**Problem to work on:**
Only the lines from the one containing "Fototapeta na wymiar" to the end of the data should be copied, exactly and without pictures.

Short text fragments from websites:
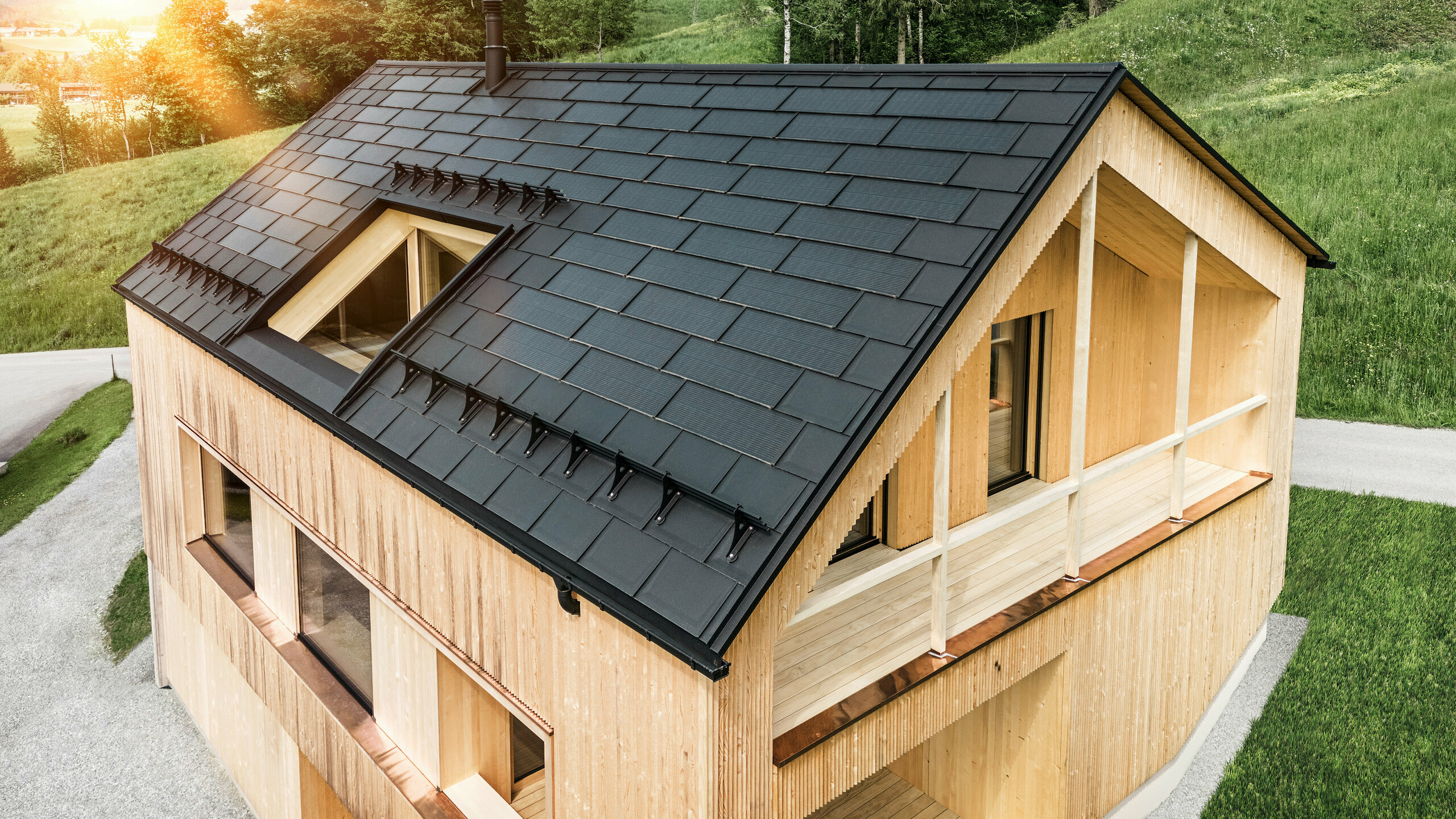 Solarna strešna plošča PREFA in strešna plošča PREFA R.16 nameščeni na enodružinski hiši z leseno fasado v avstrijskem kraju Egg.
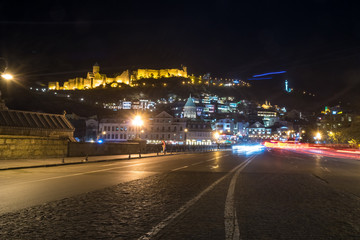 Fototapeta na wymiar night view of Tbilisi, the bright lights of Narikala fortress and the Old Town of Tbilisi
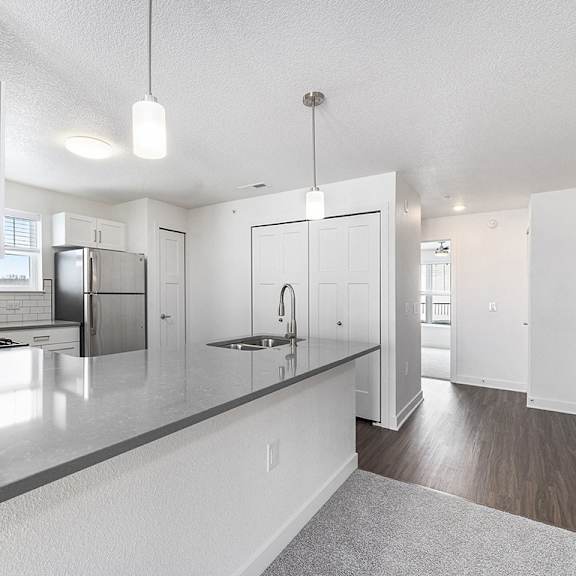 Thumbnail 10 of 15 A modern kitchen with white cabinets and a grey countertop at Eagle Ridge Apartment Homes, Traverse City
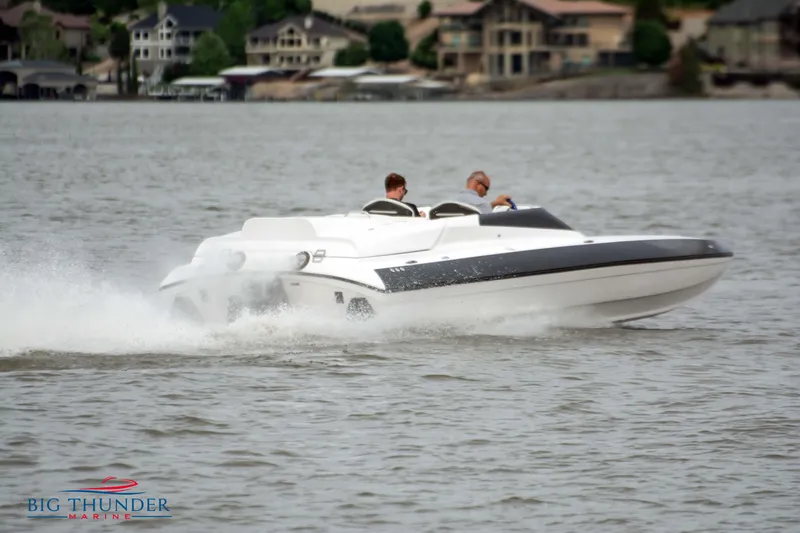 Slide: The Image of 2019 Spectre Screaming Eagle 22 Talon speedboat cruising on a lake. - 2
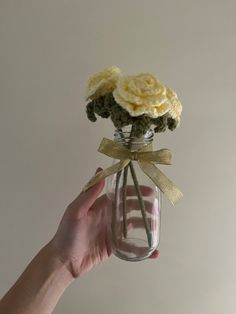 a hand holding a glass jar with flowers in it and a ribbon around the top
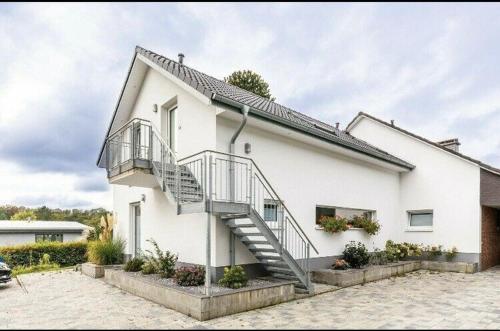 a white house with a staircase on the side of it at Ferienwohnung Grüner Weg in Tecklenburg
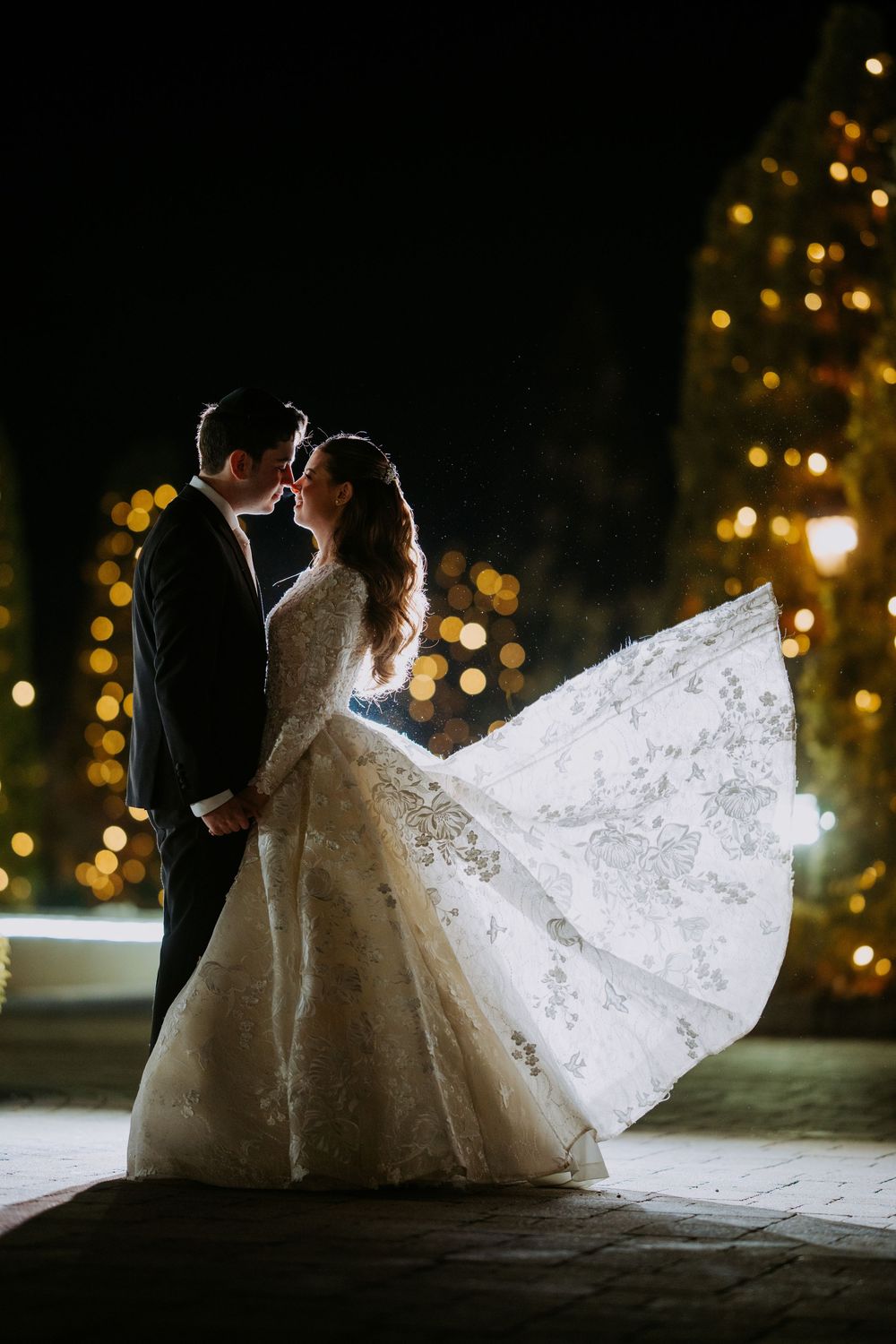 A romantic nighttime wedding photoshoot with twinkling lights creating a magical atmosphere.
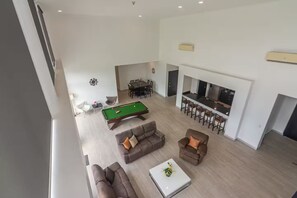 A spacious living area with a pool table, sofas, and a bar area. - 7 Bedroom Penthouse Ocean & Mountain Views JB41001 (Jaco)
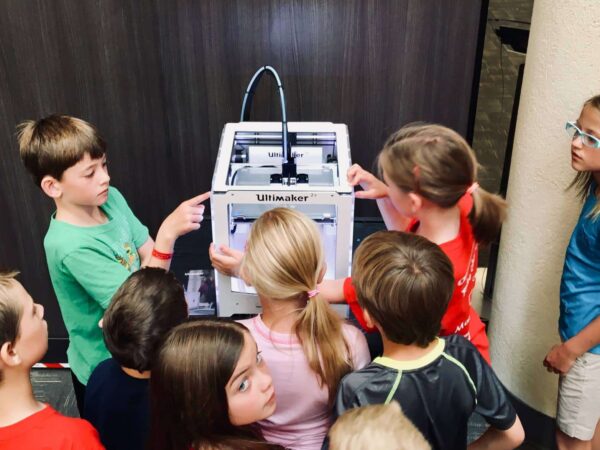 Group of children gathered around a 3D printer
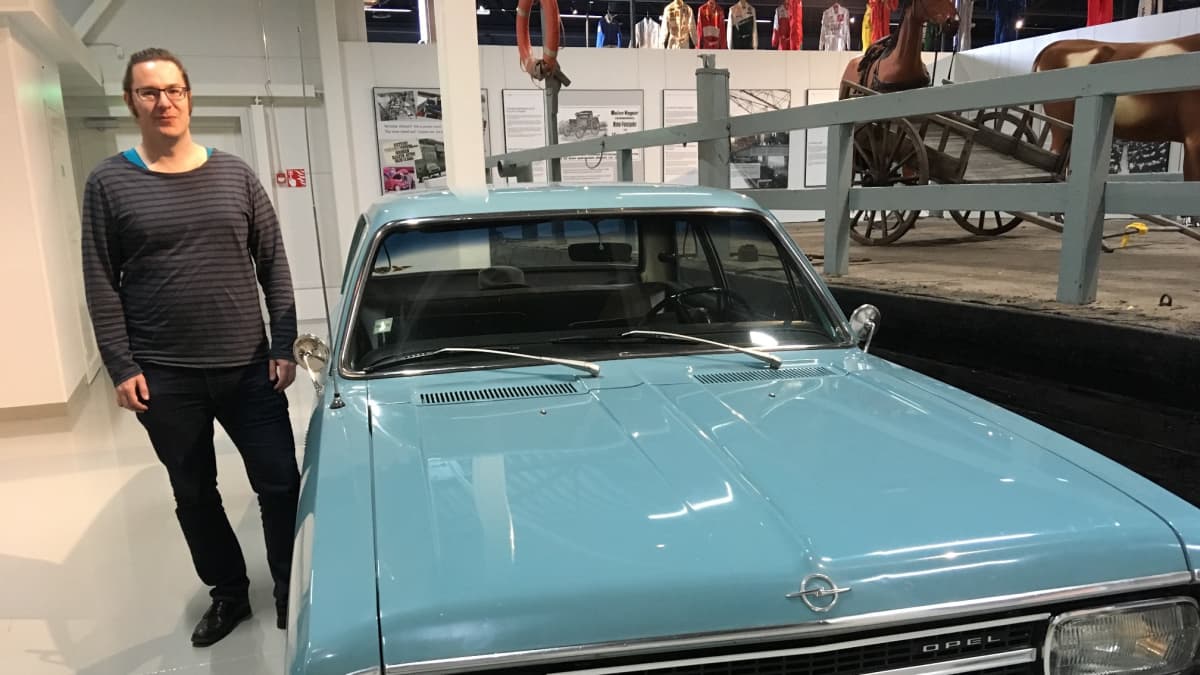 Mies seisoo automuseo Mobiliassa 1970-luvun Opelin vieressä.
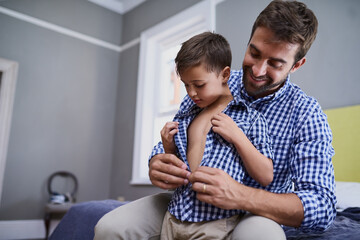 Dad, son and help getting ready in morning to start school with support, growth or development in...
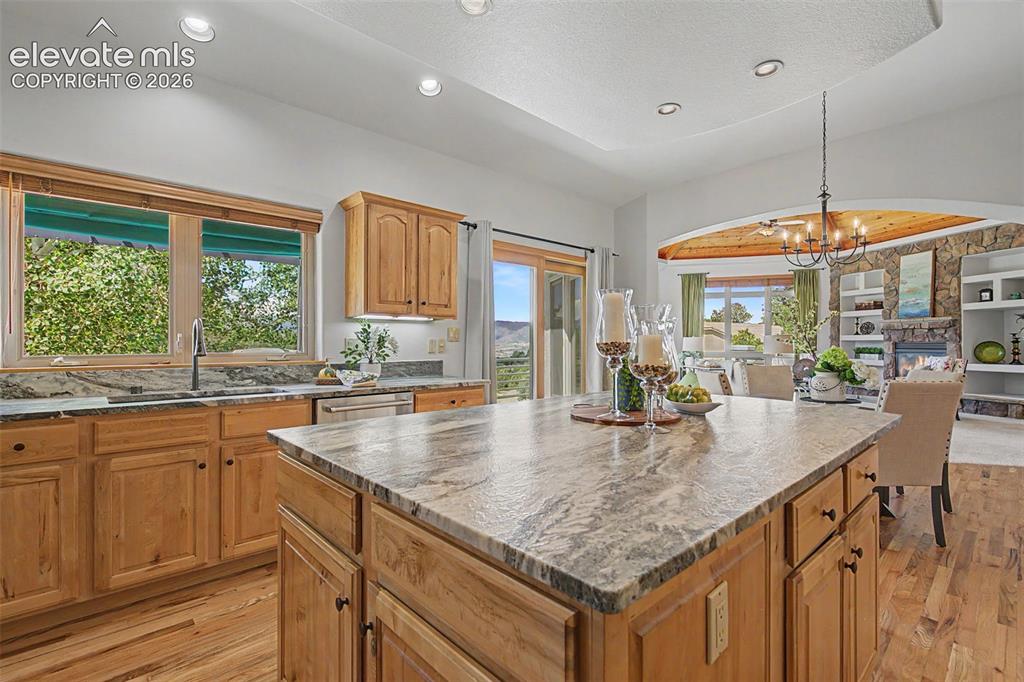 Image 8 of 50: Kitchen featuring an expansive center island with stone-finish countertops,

**Finished exercise:**
 Fototapeta na wymiar night view of Tbilisi, the bright lights of Narikala fortress and the Old Town of Tbilisi
 Thumbnail 10 of 15 A modern kitchen with white cabinets and a grey countertop at Eagle Ridge Apartment Homes, Traverse City
 Slide: The Image of 2019 Spectre Screaming Eagle 22 Talon speedboat cruising on a lake. - 2
 a hand holding a glass jar with flowers in it and a ribbon around the top
 a white house with a staircase on the side of it at Ferienwohnung Grüner Weg in Tecklenburg
 A romantic nighttime wedding photoshoot with twinkling lights creating a magical atmosphere.
 A spacious living area with a pool table, sofas, and a bar area. - 7 Bedroom Penthouse Ocean & Mountain Views JB41001 (Jaco)
 Group of children gathered around a 3D printer
 Mies seisoo automuseo Mobiliassa 1970-luvun Opelin vieressä.
 Dad, son and help getting ready in morning to start school with support, growth or development in...
 Image 8 of 50: Kitchen featuring an expansive center island with stone-finish countertops,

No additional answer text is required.